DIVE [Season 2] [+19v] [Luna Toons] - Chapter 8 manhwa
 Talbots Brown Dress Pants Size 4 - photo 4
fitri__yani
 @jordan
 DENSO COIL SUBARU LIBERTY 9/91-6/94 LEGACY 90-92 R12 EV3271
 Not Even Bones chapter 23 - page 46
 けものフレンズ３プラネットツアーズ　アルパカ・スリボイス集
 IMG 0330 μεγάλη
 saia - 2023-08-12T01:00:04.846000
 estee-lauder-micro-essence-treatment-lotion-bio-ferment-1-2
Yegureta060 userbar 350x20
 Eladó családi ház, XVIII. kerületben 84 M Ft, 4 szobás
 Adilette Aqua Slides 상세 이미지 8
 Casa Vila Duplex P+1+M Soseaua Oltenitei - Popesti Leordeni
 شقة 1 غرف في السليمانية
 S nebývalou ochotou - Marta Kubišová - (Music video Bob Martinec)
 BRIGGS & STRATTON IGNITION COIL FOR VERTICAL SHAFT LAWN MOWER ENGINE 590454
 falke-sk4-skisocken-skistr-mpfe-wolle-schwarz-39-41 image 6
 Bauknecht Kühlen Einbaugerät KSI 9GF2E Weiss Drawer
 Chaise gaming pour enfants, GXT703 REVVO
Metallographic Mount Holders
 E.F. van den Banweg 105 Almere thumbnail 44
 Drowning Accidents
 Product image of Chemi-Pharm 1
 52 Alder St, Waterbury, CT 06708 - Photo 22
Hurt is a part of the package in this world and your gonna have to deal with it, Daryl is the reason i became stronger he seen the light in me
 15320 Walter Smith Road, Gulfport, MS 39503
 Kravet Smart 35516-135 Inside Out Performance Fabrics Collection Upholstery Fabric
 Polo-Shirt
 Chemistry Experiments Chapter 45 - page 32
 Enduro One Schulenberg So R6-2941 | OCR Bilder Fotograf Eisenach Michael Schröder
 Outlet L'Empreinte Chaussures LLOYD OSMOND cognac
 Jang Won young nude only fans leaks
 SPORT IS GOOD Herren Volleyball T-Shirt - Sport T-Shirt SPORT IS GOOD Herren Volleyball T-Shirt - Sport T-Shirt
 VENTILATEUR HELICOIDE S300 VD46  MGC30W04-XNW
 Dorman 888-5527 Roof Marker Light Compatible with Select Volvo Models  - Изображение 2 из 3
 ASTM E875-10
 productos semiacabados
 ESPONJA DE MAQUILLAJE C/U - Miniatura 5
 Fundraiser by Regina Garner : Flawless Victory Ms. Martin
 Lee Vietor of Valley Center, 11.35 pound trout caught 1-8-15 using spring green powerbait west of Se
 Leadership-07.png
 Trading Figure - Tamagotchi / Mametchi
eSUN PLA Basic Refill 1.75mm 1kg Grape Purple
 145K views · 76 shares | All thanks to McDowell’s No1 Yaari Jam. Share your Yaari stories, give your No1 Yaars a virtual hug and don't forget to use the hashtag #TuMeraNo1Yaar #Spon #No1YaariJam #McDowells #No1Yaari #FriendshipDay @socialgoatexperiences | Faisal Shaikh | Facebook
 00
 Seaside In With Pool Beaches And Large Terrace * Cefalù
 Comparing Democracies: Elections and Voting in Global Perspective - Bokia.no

[EXERCISE PROMPT] Transcribe the material above word for word.

[ANSWER BOX]
DIVE [Season 2] [+19v] [Luna Toons] - Chapter 8 manhwa
 Talbots Brown Dress Pants Size 4 - photo 4
fitri__yani
 @jordan
 DENSO COIL SUBARU LIBERTY 9/91-6/94 LEGACY 90-92 R12 EV3271
 Not Even Bones chapter 23 - page 46
 けものフレンズ３プラネットツアーズ　アルパカ・スリボイス集
 IMG 0330 μεγάλη
 saia - 2023-08-12T01:00:04.846000
 estee-lauder-micro-essence-treatment-lotion-bio-ferment-1-2
Yegureta060 userbar 350x20
 Eladó családi ház, XVIII. kerületben 84 M Ft, 4 szobás
 Adilette Aqua Slides 상세 이미지 8
 Casa Vila Duplex P+1+M Soseaua Oltenitei - Popesti Leordeni
 شقة 1 غرف في السليمانية
 S nebývalou ochotou - Marta Kubišová - (Music video Bob Martinec)
 BRIGGS & STRATTON IGNITION COIL FOR VERTICAL SHAFT LAWN MOWER ENGINE 590454
 falke-sk4-skisocken-skistr-mpfe-wolle-schwarz-39-41 image 6
 Bauknecht Kühlen Einbaugerät KSI 9GF2E Weiss Drawer
 Chaise gaming pour enfants, GXT703 REVVO
Metallographic Mount Holders
 E.F. van den Banweg 105 Almere thumbnail 44
 Drowning Accidents
 Product image of Chemi-Pharm 1
 52 Alder St, Waterbury, CT 06708 - Photo 22
Hurt is a part of the package in this world and your gonna have to deal with it, Daryl is the reason i became stronger he seen the light in me
 15320 Walter Smith Road, Gulfport, MS 39503
 Kravet Smart 35516-135 Inside Out Performance Fabrics Collection Upholstery Fabric
 Polo-Shirt
 Chemistry Experiments Chapter 45 - page 32
 Enduro One Schulenberg So R6-2941 | OCR Bilder Fotograf Eisenach Michael Schröder
 Outlet L'Empreinte Chaussures LLOYD OSMOND cognac
 Jang Won young nude only fans leaks
 SPORT IS GOOD Herren Volleyball T-Shirt - Sport T-Shirt SPORT IS GOOD Herren Volleyball T-Shirt - Sport T-Shirt
 VENTILATEUR HELICOIDE S300 VD46  MGC30W04-XNW
 Dorman 888-5527 Roof Marker Light Compatible with Select Volvo Models  - Изображение 2 из 3
 ASTM E875-10
 productos semiacabados
 ESPONJA DE MAQUILLAJE C/U - Miniatura 5
 Fundraiser by Regina Garner : Flawless Victory Ms. Martin
 Lee Vietor of Valley Center, 11.35 pound trout caught 1-8-15 using spring green powerbait west of Se
 Leadership-07.png
 Trading Figure - Tamagotchi / Mametchi
eSUN PLA Basic Refill 1.75mm 1kg Grape Purple
 145K views · 76 shares | All thanks to McDowell’s No1 Yaari Jam. Share your Yaari stories, give your No1 Yaars a virtual hug and don't forget to use the hashtag #TuMeraNo1Yaar #Spon #No1YaariJam #McDowells #No1Yaari #FriendshipDay @socialgoatexperiences | Faisal Shaikh | Facebook
 00
 Seaside In With Pool Beaches And Large Terrace * Cefalù
 Comparing Democracies: Elections and Voting in Global Perspective - Bokia.no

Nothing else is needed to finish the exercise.